Fixed-income investing hasn't kept up with the rapid pace of technological innovation in the rest of the financial industry. Alliance Bernstein says that's about to change
Artificial intelligence, automation and predictive analytics are transforming virtually every industry, but bond investing hasn't really changed. The typical investment process is inefficient, from research and portfolio construction to trading. But this story will change as human and machine join forces. In the next few years, we expect the rise of fixed-income technology to open a wide gulf in performance between those managers who have integrated cutting-edge tools into every stage.
In the past, the quest for excess return (alpha) was dominated by either the superhuman bond investor who attempted to singlehandedly navigate global markets or the quantitative shop that could exploit inefficiencies in the short term but couldn't see the bigger picture.

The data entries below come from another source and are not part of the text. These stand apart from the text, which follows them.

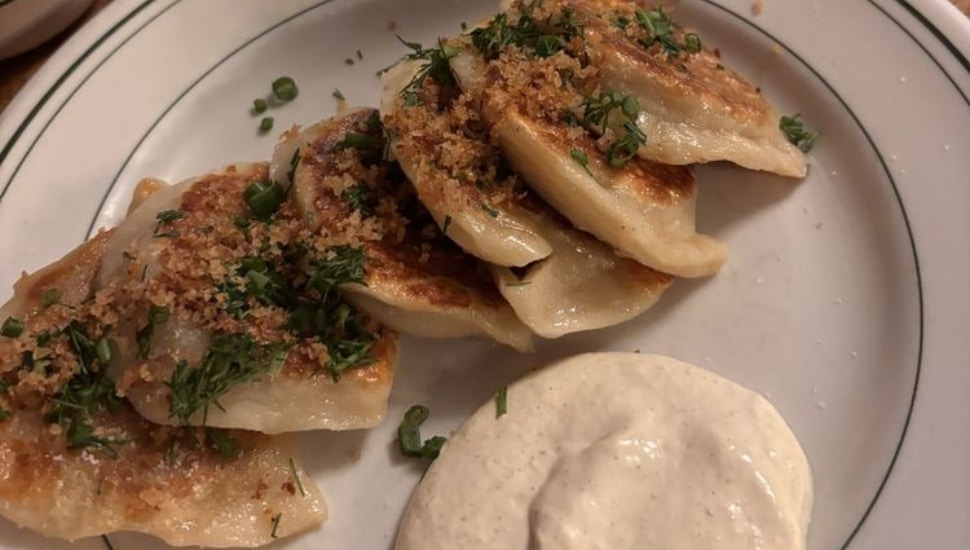 6 kapusta pierogis on a plate.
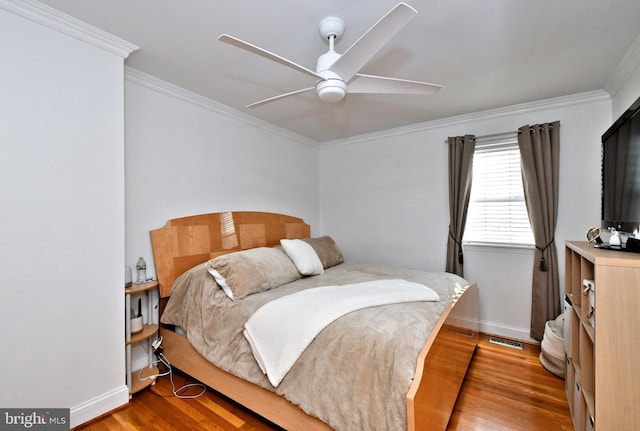 bedroom featuring hardwood / wood-style flooring, ceiling fan, and ornamental molding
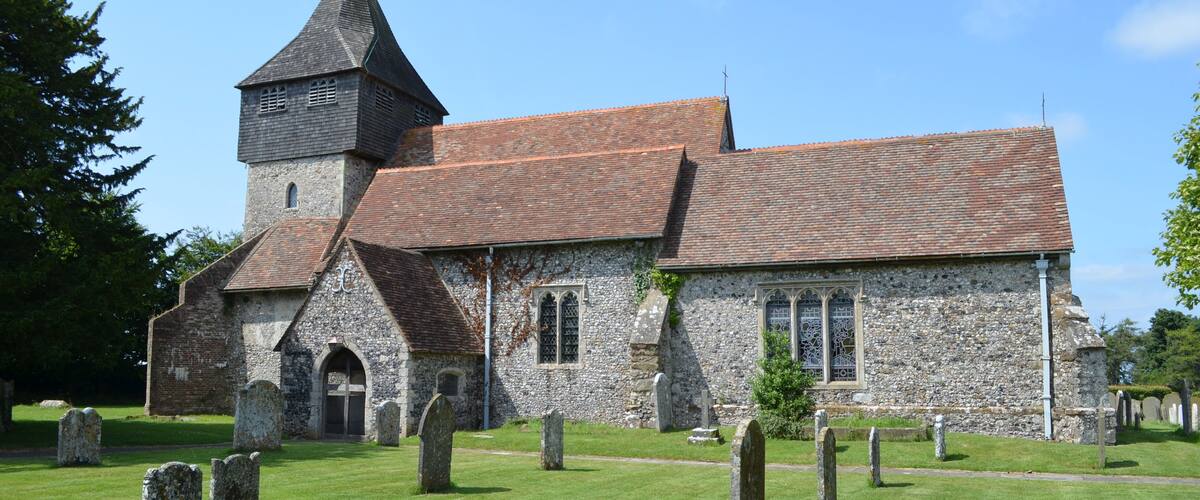 A church with a stone tower and a graveyard.
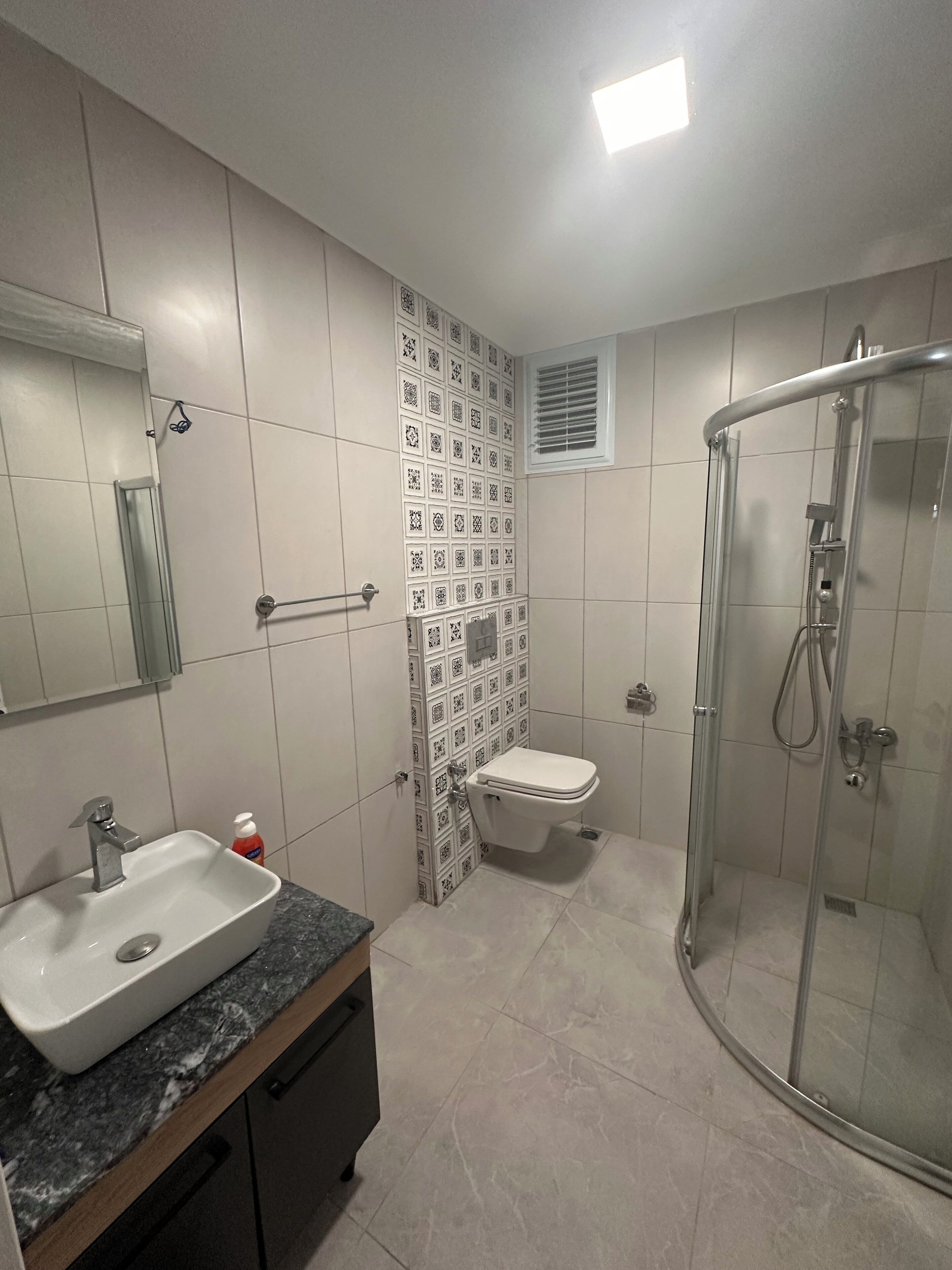 A bathroom with a sink, toilet, shower, and a mirror.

In an information-heavy world, just sticking with the status quo won't be good enough. It's imperative to integrate technology into the investment process to provide managers with tailored information that enables faster decision-making, makes every step of the process more efficient, and provides a more complete picture of risk and opportunity.
Several firms have used a "best of breed" strategy, creating or sourcing individual tools to help in one specific area of investing, such as research, trading or portfolio management. That's a good start, but to stay ahead, firms will need to focus on how these tools work together to create an ecosystem that magnifies the human impact.